In this section, we conduct extensive experiments to answer the following Research Questions: • RQ1: Compared to existing efforts, how does AdvCA perform under covariate shift? • RQ2: Can the proposed AdvCA achieve the principles of environmental diversity and causal invariance, thereby effectively alleviating the covariate shift? • RQ3: How do the different components of AdvCA affect performance? 4.1 EXPERIMENTAL SETTINGS Datasets. We use graph OOD datasets (Gui et al., 2022) and OGB datasets (Hu et al., 2020) , which include Motif, CMNIST, Molbbbp and Molhiv. Following Gui et al. (2022) , we adopt the base, color, size and scaffold data splitting to create various covariate shifts.

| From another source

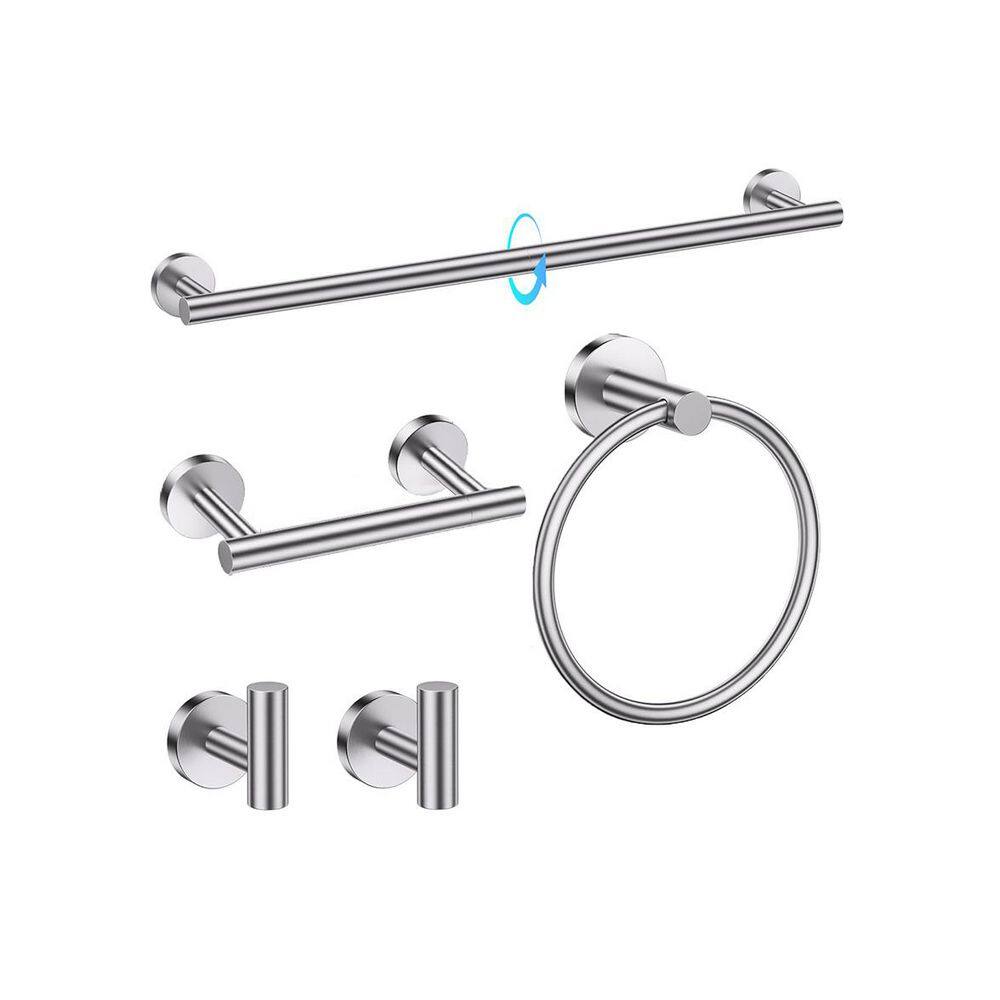 5-Piece Bathroom Hardware Set with 23.6 Inch Towel Bar, Towel Ring, Toilet Paper Holder, Coat Hooks in Brushed Nickel price history on PriceWatchPro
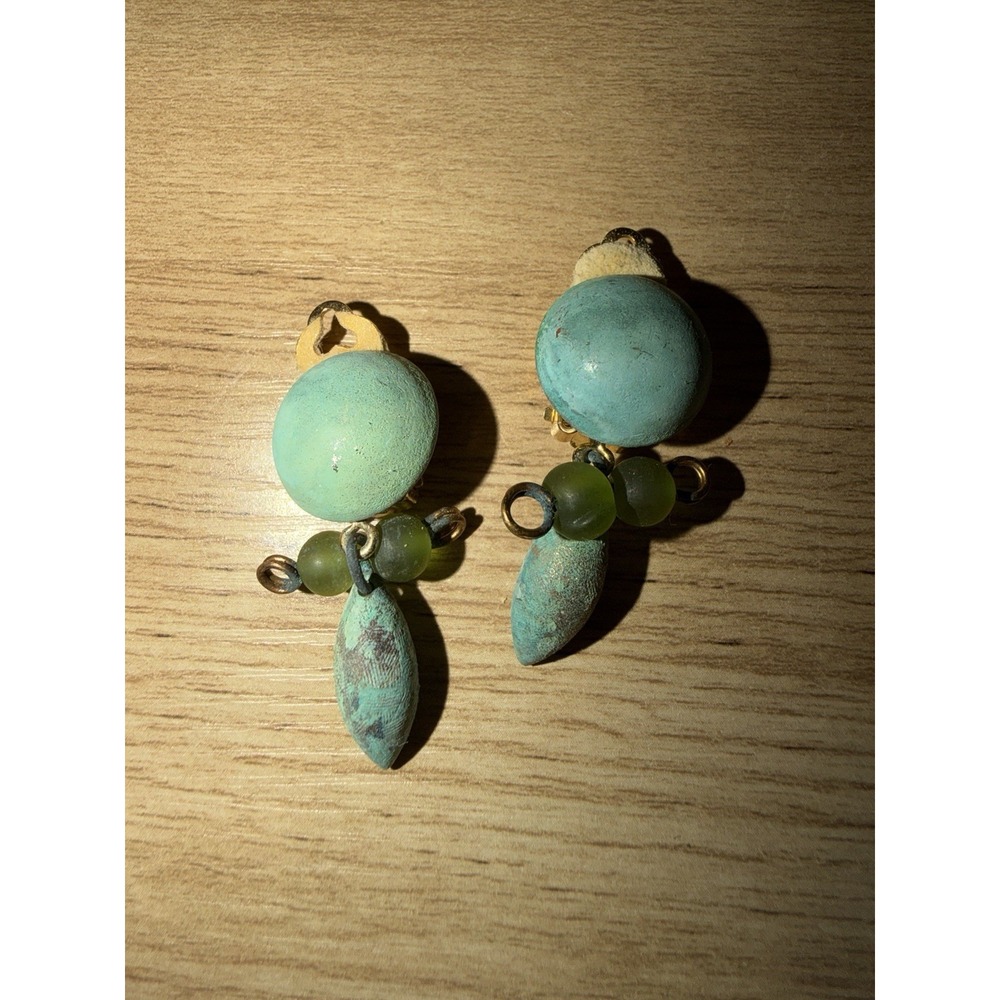 Amy Jo Design Statement Earrings Faux Turquoise Vintage Clip On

The details of the datasets, metrics and implementation details of AdvCA are provided in Appendix A.2 and A.3. Baselines. We adopt 14 baselines, which can be divided into the following three specific categories: • Generalization Algorithms: Empirical Risk Minimization (ERM), IRM (Arjovsky et al., 2019) , GroupDRO (Sagawa et al., 2020) , VREx (Krueger et al., 2021) . • Graph Invariant Learning and Generalization: DIR (Wu et al., 2022b) , CAL (Sui et al., 2022) , GSAT (Miao et al., 2022) , OOD-GNN (Li et al., 2022a) , StableGNN (Fan et al., 2021) . • Graph Data Augmentation: DropEdge (Rong et al., 2020) , GREA (Liu et al., 2022) , FLAG (Kong et al., 2022) , M-Mixup (Wang et al., 2021) , G-Mixup (Han et al., 2022) . 

4.2. MAIN RESULTS (RQ1)

To demonstrate the superiority of AdvCA, we first make comprehensive comparisons with baseline methods. The implementation settings and details of baselines are provided in Appendix A.4. All experimental results are summarized in Table 1 . We have the following Observations. Obs1: Most generalization and augmentation methods fail under covariate shift. Generalization and data augmentation algorithms perform well on certain datasets or shifts. VREx achieves a 2.81% improvement on Motif (base). For two shifts of Molhiv, data augmentation methods GREA and DropEdge obtain 1.20% and 0.77% improvements. The invariant learning methods DIR and CAL also obtain 4.60% and 1.53% improvements on CMNIST and Molbbbp (size). Unfortunately, none of the methods consistently outperform ERM. For example, GREA and DropEdge perform poorly on Motif (base), ↓11.92% and ↓23.58%. DIR and CAL also fail on Molhiv. These show that both invariant learning and data augmentation methods have their own weaknesses, which lead to unstable performance when facing complex and diverse covariate shifts from different datasets. Obs2: AdvCA consistently outperforms all baseline methods. Compared with ERM, AdvCA can obtain significant improvements. For two types of covariate shifts on Motif, AdvCA surpasses ERM by 4.98% and 4.11%, respectively. In contrast to the large performance variances on different datasets achieved by baselines, AdaCA consistently obtains the leading performance across the board. For CMNIST, AdvCA achieves a performance improvement of 3.17% compared to the best baseline DIR. For Motif, the performance is improved by 2.17% and 1.72% compared to VREx and GREA. These results illustrate that AdvCA can overcome the shortcomings of invariant learning and data augmentation. Armed with the principles of environmental diversity and causal invariance, AdvCA achieves stable and consistent improvements on different datasets with various covariate shifts. In addition, although we focus on covariate shift in this work, we also carefully check the performance of AdvCA under correlation shift, and the results are presented in Appendix D.1.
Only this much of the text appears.